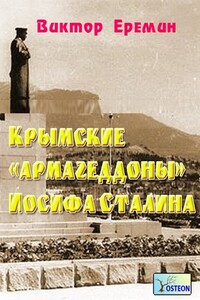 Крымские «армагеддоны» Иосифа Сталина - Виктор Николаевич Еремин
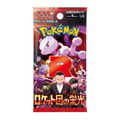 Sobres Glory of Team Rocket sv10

---

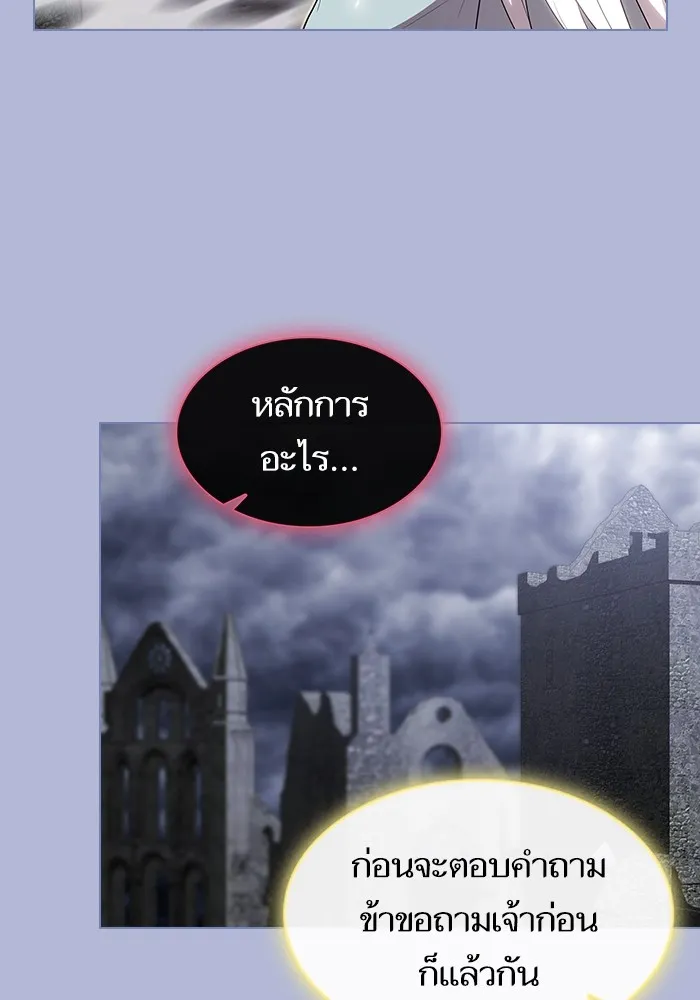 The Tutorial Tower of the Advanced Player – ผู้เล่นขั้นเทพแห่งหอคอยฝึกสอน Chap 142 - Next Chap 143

#### Goal of the exercise:
Above are the records; return the lines in them from the one with "Виктор Николаевич Еремин" to the one with "Sobres Glory of Team Rocket sv10", inclusive, exactly and without images.

#### Exercise answer:
 Крымские «армагеддоны» Иосифа Сталина - Виктор Николаевич Еремин
 Sobres Glory of Team Rocket sv10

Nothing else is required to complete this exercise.